Richard I. showed England to the other nations, during the Crusades, as a strong maritime power. King John followed in his footsteps, and in 1200, the second year of his reign, issued his declaration directing that ships of all other nations must honour his Royal flag:

"If any lieutenant of the King's fleet in any naval expedition, do meet with on the sea any ship or vessels, laden or unladen, that will not vail and lower their sails at the command of the Lieutenant of the King or the King's Admiral, but shall fight with them of the fleet, such, if taken, shall be reported as enemies, and the vessels and goods shall be seized and forfeited as the goods of enemies."

The supremacy which King John thus claimed, his successors afterwards maintained and extended, so that under Edward I., Spain, Germany, Holland, Denmark, and Norway, being all the other nations, except France, which bordered on the adjacent seas, joined in according to England "possession of the sovereignty of the English seas and the Isles therein,"[30] together with admission of the right which the English had of maintaining sovereign guard over these seas, and over all the ships of other Dominions, as well as their own, which might be passing through them.

Edward II. was given, in 1320, the title of "Lord of the Seas."[31]

Edward III., himself a sailor-king and commander of his fleets, was fully imbued with the force of the Alfred maxim, so that when invasion threatened England he said, "he deemed it better with a strong hand to go seek the enemy in his own country than wait ignobly at home for the threatened danger."[32] Putting his maxim into action he led his fleet across the Channel, and his victory over the French fleet at Sluys, off Flanders, on the 24th June, 1340, was the Trafalgar of its day, and the resulting supremacy of the English Jack on the narrow seas enabled him to land his forces on the foreign shores, when he subsequently invaded France to establish his claim to the French throne.

The prowess of himself and of his seamen in their victory over the French and Spanish fleets won for Edward the proud title of "King of the Seas," in token of which he was represented upon his gold coinage standing in a ship "full royally apparelled."[33]

During the Wars of the Roses less attention was given by the nation to maritime matters, and while the English were so busily engaged in fighting amongst themselves, the Dutch of the Netherlands, under the Duke of Burgundy, developed a large carrying trade, and so increased their fleets that, in 1485, at the accession of Henry VII., they had become a formidable shipping rival of England, and were a thorn in the side of France.
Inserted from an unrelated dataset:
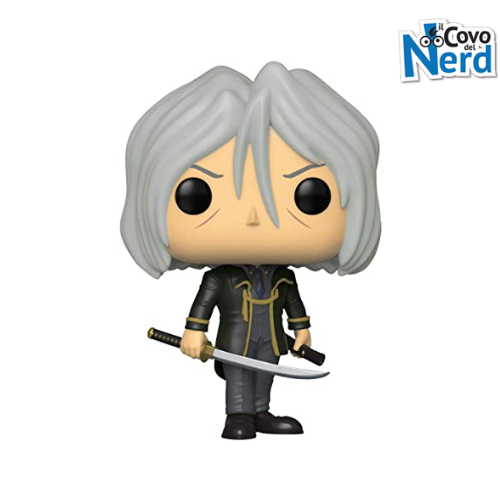 COWBOY BEPOP - POP FUNKO VINYL FIGURE - VICIOUS 469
Over the ships of the French the Dutch so lorded it on the narrow seas that, to quote Philip de Commines, their

"navy was so mighty and strong, that no man durst stir in these narrow seas for fear of it making war upon the King of France's subjects and threatening them everywhere."

Two flags, the striped standard of the Dutch and the red cross Jack of the English, were now rivalling each other on the adjacent seas and on the Atlantic. The contest for the supremacy which had begun was continued for nearly two hundred years thereafter.

In the time of Henry VII. more attention was given to merchant shipping and foreign adventure. Cabot carried the English flag across the Atlantic under the license which he and his associates received from Henry VII., empowering them

"to seek out and find whatsoever isles, countries, regions, or provinces of the heathen and infidels, whatsoever they might be; and set up his banner on every isle or mainland by them newly found."

With this authority for its exploits the red cross of St. George was planted, in 1497, on the shores of Newfoundland and Florida, and the English Jack thus first carried into America formed the foundation for the subsequent British claim to sovereignty over all the intervening coasts along the Atlantic.

Under Henry VIII. England began to bestir herself in making provision for a regular navy. A drawing in the Pepysian Library gives the details of the Henri Grace à Dieu (11), built in 1515 by order of Henry VIII., which was the greatest warship up to that time built in England, and has been termed the "parent of the British Navy." At the four mastheads fly St. George's ensigns, and from the bowsprit end and from each of the round tops upon the lower masts are long streamers with the St. George's cross, very similar in form to the naval pennants of the present day. The castellated building at the bow, and the hooks with which the yards are armed, tell of the derivation of the nautical terms "forecastle" and "yard arm" still in use.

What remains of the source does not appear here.